So, why have not more SPHK1 inhibitors entered clinical trials for cancer therapy? The answer to this question likely resides in the lack of potency and/or selectivity of current SPHK1 inhibitors. The first isoform-selective SPHK1 inhibitor, SK1-I, has been widely used in preclinical in vivo studies, including AML, to reduce cellular S1P, increase ceramide and induce apoptosis. However, its K i for SPHK1 is 10 μM largely precluding its use in human trials [15]. SKI-178 is a modified version of SK1-I that displays a K i of 1.3 μM against SPHK1 and has at least 20-fold selectivity over SPHK2 [16]. This agent was able to induce degradation of Mcl-1 in AML cell lines, including one deemed multidrug resistant through overexpression of MDR1 (P-glycoprotein) [10]. While SKI-178 appears promising in vitro, in vivo preclinical studies are required, and its specificity against other enzymes awaits proper evaluation. PF-543 is a much more potent SPHK1 inhibitor with K i of 3.6 nM that displays 130-fold selectivity over SPHK2. However, despite reducing S1P generation, PF-543 failed to induce death in a range of cancer cell lines [17], an observation that is in opposition to the majority of SPHK1 knockdown studies. The explanation for this may lie in the observation that while PF-543 reduces cellular S1P, it has little effect on ceramide [17], though changes in cellular levels of dihydroceramides upstream of ceramide, ceramide monohexosides and lactosylceramides, suggest that PF-543 may inhibit other enzymes of the sphingolipid pathway that act to rebalance ceramides. A number of other selective SPHK1 inhibitors are being evaluated preclinically with results eagerly awaited [4].

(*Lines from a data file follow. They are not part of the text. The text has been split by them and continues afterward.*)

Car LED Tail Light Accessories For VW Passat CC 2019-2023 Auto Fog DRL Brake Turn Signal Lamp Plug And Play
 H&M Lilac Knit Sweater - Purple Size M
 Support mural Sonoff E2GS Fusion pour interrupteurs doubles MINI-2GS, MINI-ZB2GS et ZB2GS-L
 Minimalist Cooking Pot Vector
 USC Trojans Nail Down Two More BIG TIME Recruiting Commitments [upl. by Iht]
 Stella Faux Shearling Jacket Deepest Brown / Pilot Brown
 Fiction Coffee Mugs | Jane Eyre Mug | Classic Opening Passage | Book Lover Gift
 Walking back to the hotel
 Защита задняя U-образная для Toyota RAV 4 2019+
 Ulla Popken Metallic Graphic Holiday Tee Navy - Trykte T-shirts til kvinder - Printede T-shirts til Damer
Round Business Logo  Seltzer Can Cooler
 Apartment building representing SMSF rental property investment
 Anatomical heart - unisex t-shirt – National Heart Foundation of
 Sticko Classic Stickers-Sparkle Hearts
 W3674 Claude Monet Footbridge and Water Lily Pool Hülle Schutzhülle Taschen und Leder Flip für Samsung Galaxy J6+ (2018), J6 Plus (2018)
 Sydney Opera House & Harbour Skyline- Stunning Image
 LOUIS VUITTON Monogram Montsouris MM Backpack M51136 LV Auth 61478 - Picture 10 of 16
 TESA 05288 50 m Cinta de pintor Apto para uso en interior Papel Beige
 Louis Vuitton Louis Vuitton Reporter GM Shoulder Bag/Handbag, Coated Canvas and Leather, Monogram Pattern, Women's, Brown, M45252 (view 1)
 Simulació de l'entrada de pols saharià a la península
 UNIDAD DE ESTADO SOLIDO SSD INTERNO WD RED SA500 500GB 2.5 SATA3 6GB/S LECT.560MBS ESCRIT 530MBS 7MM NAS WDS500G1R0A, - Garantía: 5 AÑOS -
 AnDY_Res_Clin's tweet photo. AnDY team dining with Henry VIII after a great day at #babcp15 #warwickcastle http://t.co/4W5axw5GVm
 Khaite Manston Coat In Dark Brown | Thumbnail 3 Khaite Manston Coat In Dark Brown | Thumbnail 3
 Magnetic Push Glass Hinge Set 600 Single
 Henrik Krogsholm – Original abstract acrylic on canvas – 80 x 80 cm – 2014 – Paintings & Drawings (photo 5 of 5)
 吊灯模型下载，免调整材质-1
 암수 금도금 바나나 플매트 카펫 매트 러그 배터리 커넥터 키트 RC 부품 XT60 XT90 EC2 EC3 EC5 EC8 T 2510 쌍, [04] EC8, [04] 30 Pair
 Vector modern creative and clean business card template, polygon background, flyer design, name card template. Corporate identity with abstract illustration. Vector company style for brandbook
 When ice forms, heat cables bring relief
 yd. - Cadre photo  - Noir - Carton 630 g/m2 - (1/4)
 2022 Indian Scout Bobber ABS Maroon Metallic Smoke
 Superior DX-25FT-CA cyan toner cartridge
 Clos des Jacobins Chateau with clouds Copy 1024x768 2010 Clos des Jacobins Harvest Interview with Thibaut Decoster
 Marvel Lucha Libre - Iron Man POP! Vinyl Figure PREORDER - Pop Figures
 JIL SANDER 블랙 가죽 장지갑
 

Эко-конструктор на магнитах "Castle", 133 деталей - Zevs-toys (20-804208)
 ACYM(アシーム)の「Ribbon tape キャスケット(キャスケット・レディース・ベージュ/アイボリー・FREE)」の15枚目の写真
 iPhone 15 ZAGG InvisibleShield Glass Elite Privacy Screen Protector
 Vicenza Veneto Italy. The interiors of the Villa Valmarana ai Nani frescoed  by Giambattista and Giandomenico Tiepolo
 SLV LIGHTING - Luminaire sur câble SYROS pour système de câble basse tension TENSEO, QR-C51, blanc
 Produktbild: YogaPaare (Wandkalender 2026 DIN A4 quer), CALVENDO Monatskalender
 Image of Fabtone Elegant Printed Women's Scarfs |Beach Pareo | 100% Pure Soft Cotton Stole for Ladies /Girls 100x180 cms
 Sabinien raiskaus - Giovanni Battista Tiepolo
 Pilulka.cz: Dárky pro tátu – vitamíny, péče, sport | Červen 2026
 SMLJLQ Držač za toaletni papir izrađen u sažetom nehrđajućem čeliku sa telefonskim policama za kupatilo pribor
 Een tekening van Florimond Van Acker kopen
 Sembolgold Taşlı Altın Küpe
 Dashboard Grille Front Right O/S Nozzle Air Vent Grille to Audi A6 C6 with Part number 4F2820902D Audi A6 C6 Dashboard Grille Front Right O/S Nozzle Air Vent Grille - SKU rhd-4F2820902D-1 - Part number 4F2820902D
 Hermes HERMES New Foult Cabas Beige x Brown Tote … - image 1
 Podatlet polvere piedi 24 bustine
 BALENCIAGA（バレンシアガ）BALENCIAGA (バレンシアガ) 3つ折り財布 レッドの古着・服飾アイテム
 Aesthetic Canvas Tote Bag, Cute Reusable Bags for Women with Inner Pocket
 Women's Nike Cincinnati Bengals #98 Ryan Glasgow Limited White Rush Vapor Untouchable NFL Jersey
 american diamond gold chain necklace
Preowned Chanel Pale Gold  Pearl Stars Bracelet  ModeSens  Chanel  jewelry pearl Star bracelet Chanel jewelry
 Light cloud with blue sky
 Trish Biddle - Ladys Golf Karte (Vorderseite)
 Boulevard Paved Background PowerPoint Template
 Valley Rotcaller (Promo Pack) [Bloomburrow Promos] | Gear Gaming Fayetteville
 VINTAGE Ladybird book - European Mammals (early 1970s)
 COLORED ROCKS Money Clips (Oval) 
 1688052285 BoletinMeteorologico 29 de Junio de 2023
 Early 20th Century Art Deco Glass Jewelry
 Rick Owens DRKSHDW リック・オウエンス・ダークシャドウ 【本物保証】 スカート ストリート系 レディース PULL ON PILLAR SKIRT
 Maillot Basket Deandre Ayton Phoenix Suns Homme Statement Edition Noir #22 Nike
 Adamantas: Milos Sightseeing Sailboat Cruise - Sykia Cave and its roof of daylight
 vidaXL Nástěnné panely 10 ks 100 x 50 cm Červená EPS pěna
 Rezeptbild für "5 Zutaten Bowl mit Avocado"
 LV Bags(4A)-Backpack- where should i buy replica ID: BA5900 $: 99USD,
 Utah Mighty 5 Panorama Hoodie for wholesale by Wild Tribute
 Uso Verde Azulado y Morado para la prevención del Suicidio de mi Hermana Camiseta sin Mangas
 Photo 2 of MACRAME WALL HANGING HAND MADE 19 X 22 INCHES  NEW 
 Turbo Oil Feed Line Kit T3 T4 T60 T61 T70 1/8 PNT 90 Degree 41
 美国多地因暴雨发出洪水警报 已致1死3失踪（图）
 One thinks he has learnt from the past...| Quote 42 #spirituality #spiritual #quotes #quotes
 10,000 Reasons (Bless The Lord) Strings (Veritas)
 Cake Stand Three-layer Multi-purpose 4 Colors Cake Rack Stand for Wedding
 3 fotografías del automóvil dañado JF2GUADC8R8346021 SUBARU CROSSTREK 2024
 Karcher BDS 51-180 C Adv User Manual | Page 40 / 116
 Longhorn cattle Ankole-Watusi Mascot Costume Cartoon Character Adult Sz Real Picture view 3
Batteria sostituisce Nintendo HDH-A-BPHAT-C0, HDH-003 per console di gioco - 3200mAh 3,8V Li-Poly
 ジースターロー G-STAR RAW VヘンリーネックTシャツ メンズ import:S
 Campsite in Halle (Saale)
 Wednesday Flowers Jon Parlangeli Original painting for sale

One of the issues in the field appears to be that the majority of sphingosine kinase inhibitors act in a sphingosine-competitive manner, with their similarity to sphingosine raising the potential, and in many cases, realized effects on other sphingolipid metabolic enzymes [4], or other proteins regulated by sphingosine [18]. Notably, ATP-competitive inhibition has remained the backbone of protein kinase inhibitor development for decades, with numerous examples now in the clinic. Thus, the unique structure of the ATP-binding site of SPHK1, which is highly divergent to that of the protein kinases [19], appears to provide an ideal opportunity for the development of ATP-competitive SPHK inhibitors which is only just beginning to be exploited. Indeed, we recently developed an ATP-competitive inhibitor that showed high selectivity to SPHK1 and SPHK2, which demonstrated promising anticancer activity against a range of tumors in vitro and in vivo, including AML [6,20]. While the potency of this SPHK inhibitor, in the low μM range, precludes its use in human trials, these promising preclinical studies provide considerable impetus to develop more potent ATP-competitive SPHK inhibitors that may progress to clinical trials in AML and other cancers.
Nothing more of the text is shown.